Friday, December 5, 2014

The Thrill of the Chase

It was the bottom of the solar cycle when I first started to get a bit more serious about DXing.  If I happened to hear about a major DXpedition somewhere I would likely try to have a listen for it.  Between the low solar flux, my modest home station, and my location under the auroral oval I usually didn't have much luck.  Some parts of the world were simply beyond my reach and propagation often didn't support communications on any band during the brief windows when a rare DX location was active.  I did manage to catch a few operations like K5D (Desecheo) and VP8ORK (Orkney Islands) but there were several once-a-decade type DXpeditions that I will be waiting a long time for a second chance at, like BS7H (Scarborough Reef) and FT5GA (Glorioso).

With the dramatic improvements over the last few years both to propagation and to my station I've come to realize that I have at least a reasonable chance of working just about anything that comes up if timing and conditions are in my favour.  I managed to work all of the major DXpeditions in 2014 (many on the first or second day) and have been successful in picking off numerous smaller operations, inching ever closer to being the first VE8 station to earn "Honor Roll" status by working (practically) all of the current DXCC entities.  Working and confirming 46 ATNOs (All Time New Ones) in the past year has been an amazing experience and, other than a handful of mostly African countries, all the rest I need end with "Island", "Reef", or "Rocks".

This DXCC timeline chart from ClubLog shows the slow march to Honor Roll.  I wasn't very active between 1996 and 2000 and off the air completely between 2001 and 2008.  Now I'm trying to make up for lost time!

I've been lucky with the propagation (from up here under the auroral oval conditions are often very poor) and my antennas aren't anything too special, just a tribander at 70 feet and an assortment of lesser wires and such.  However, my Flex-3000 software radio has an outstanding receiver which is a huge advantage as the signals reaching through the aurora here are mostly very weak and a legal limit (2.25kW PEP in Canada) amplifier sure helps in the other direction.  The real secret, though, to working DX is mostly just paying attention and making it happen.

VP8SGK is perfect example of how it works.  I've never worked South Georgia Island and it is extremely rare on the radio.  The last big DXpedition there was 2002 but every once a while a visiting ham can make a brief appearance from VP8SGK, the British Antarctic Survey base station at King Edward Point.  I had heard that Mike, GM0HCQ, was working on a ship in that area and might be able to get ashore and on the radio during his brief stop there.  I put a reminder in my calendar to check his web page again when he was closer to the island.  A week later I read that his ship was delayed and his arrival was pushed back for several days.  Then the day before he was to arrive he reported that due to the weather their docking was further delayed and he would not be able to operate from the base at all.  It was too bad but that's the way it goes.  At least I had been paying attention! 

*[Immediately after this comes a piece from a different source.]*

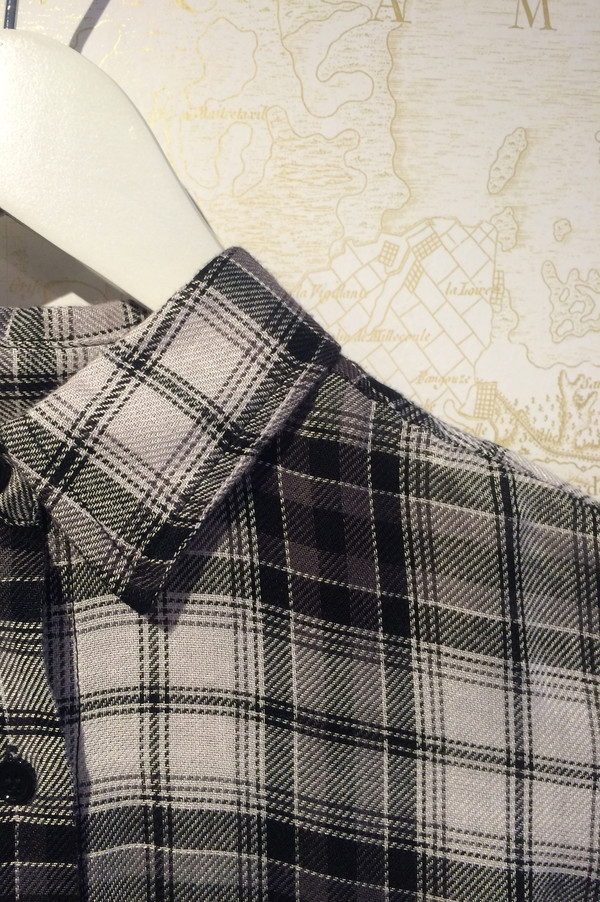 Rebecca Bree 'Calvin' Plaid Shirt with Pleated Back Rebecca Bree 'Calvin' Plaid Shirt with Pleated Back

The next day at work I just happened to think about GM0HCQ and thought I should check to see if anything had changed.  There had indeed been a change:  he was reporting that if all went well he might be able to get ashore for a couple of hours and be on the radio at 1745z!  I looked at my clock and it was already 1815z.  I checked the spotting network but no spots had been reported yet.  Since it was 11:15am local time, I decided immediately I was taking an early lunch and jumped in the truck for the 15 minute drive home.  On the way I contemplated how strange it was that here was some guy in the Arctic rushing home to attempt to contact some guy who had just arrived on an island in the Antarctic.  That right there is the magic of DXing!  I dashed through the door and into the shack, frantically pushing buttons, turning antennas, and warming up the amplifier.  As soon as the computer was up I checked the spots again and there it was: VP8SGK had just been spotted on 21.200MHz!  Within 20 minutes of receiving the news I was sitting in the shack with the radio on, the big yagi pointing to the South Atlantic, the amp all warmed up, and my ears straining to hear the signal from South Georgia Island.

This story does have a happy ending but probably not what you were expecting.  As it turned out VP8SGK only made 35 contacts and his signal was inaudible here and most everywhere else.  After about 20 minutes of listening to the static and the occasional other stations on frequency calling "in the blind" or just stating the obvious - "I can't hear him..." - I turned everything off, made myself a sandwich, and went back to work.  But I was smiling.  In this case it was all about the thrill of the chase.  Mike says he'll probably be back there again this time next year.  I'd better be paying attention!